What is Collation?

Collation is a set of rules dictating how each group of characters within SQL Server is treated. A list of collations and their definitions can be found using the following query.

SELECT name, description
FROM sys.fn_helpcollations()
WHERE COLLATIONPROPERTY(name, 'CodePage') = 0;

There are two types of collations which will appear in the results of the query listed above. These are SQL collations and Windows Collations.
To further break down collations, they are made up of the following options.
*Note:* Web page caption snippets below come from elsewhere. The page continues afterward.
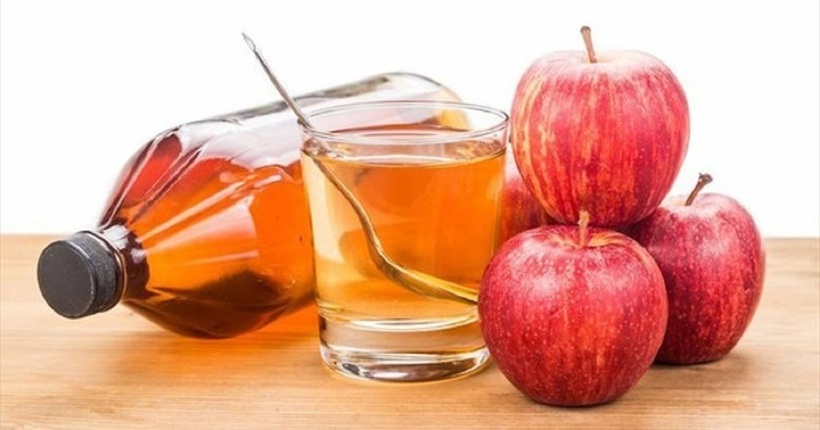 Uống giấm táo bằng ống hút để hạn chế tiếp xúc với răng.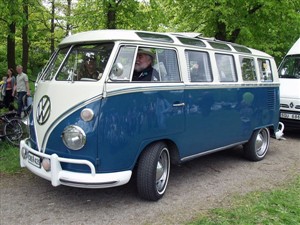 Det här är en Kleinbus 241, från 1965, 42hp (31kw)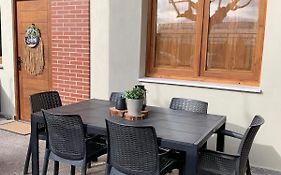 Melgar's Place, Bajo con terraza
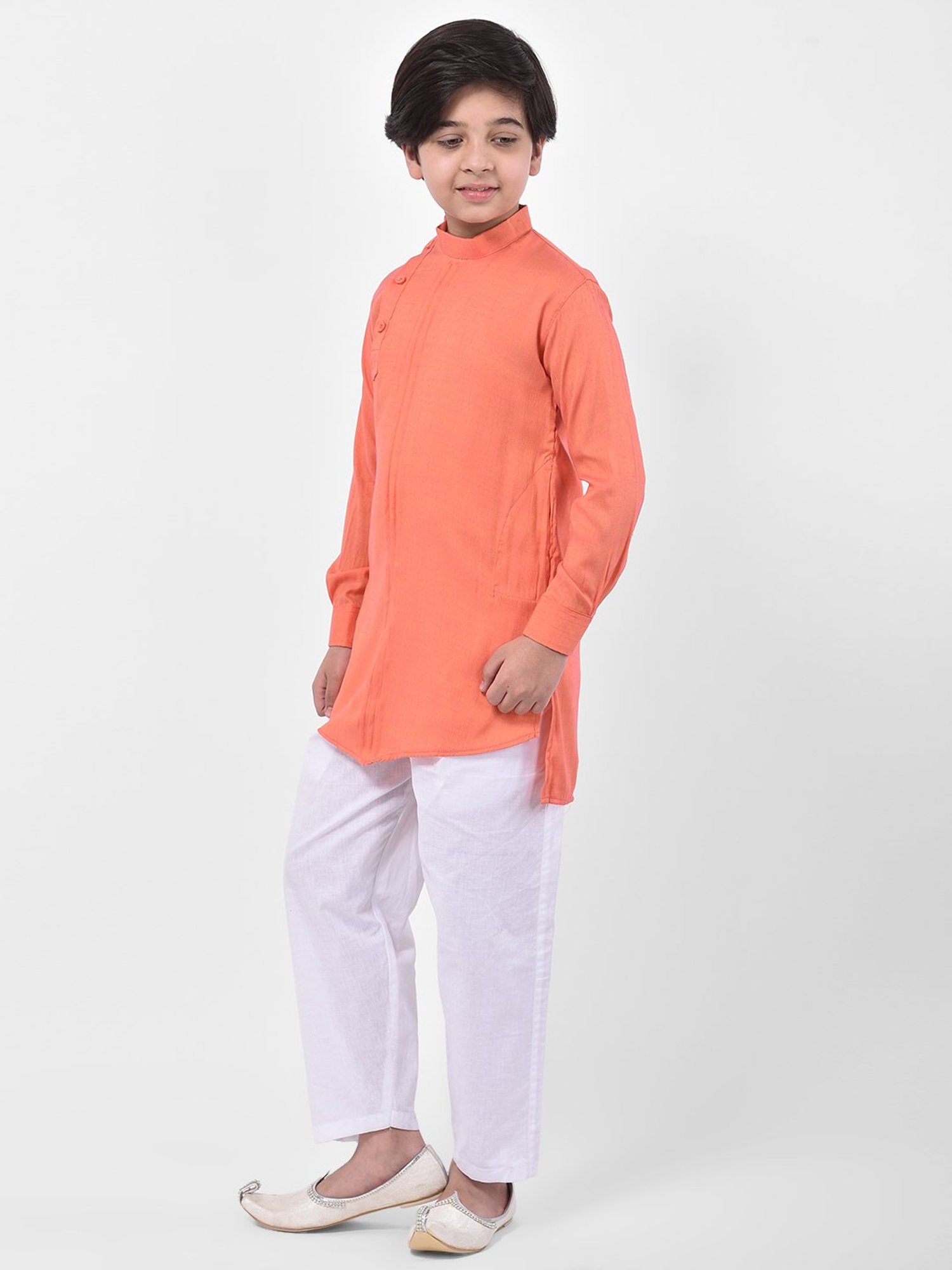 Deyann Kids Peach & White Solid Full Sleeves Kurta with Pyjamas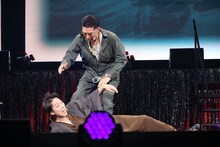 はんにゃ.金田を蹴り飛ばしたしずるKAƵMA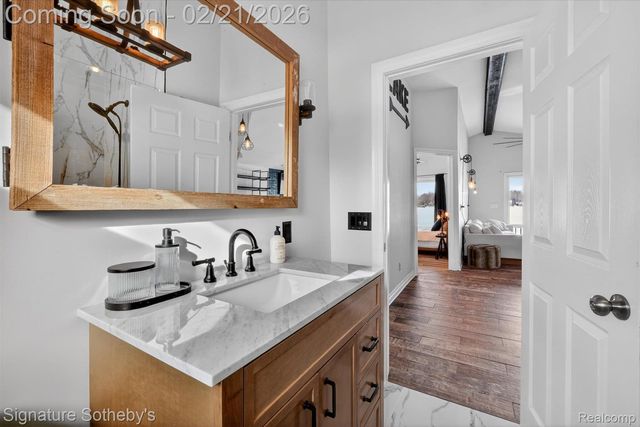 6832 Brightwood Court, Waterford Charter Township, MI 48327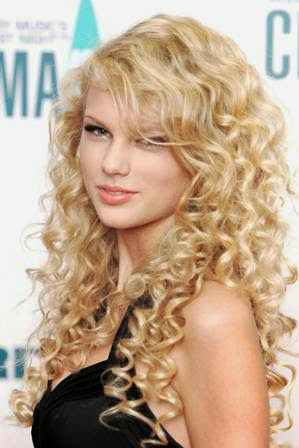 foto taylor swift di acara 40th Annual CMA Awards 2006 foto taylor swift di acara 40th Annual CMA Awards 2006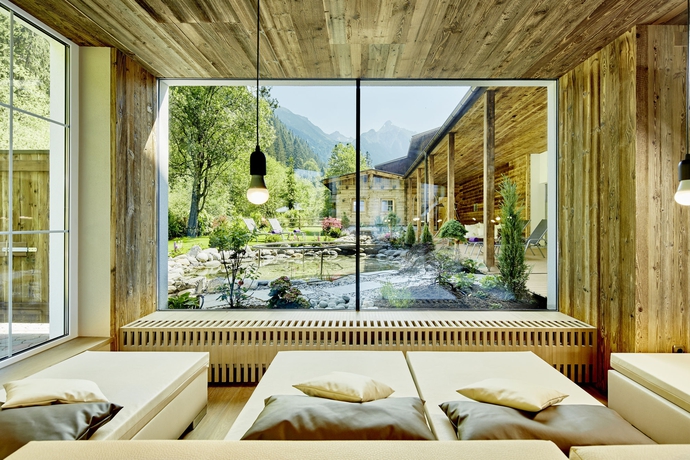 Imagen de la piscina del Hotel Zillergrundrock Luxury Mountain Resort. Foto 15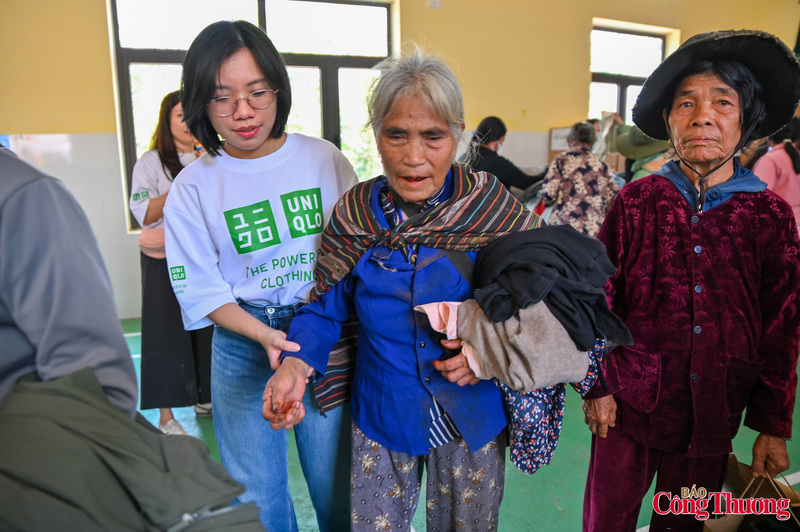 Những cụ già được các bạn tình nguyện viên trợ giúp lựa chọn những sản phẩm tốt nhất.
  • Prefix: This establishes whether or not it is a SQL Server or Windows Collation.
  • EXAMPLE:
    Omitted (Windows Collation)
    SQL_ (SQL Server Collation)

  • SortRules: This establishes the alphabet and language used.
  • EXAMPLE: ‘Latin1_General'(English)

  • Code Page: Identifies the code page used by the collation. A code page is used to determine the mapping between a character and its byte representation.
  • EXAMPLE: ‘CP1251’ (Code page 1251)

  • Case Sensitivity: This establishes whether it is case sensitive or insensitive.
  • EXAMPLES:
    ‘CI’ (Case Insensitive; A is the same as a; A=a)
    ‘CS’ (Case Sensitive; A is not the same as a; A!=a)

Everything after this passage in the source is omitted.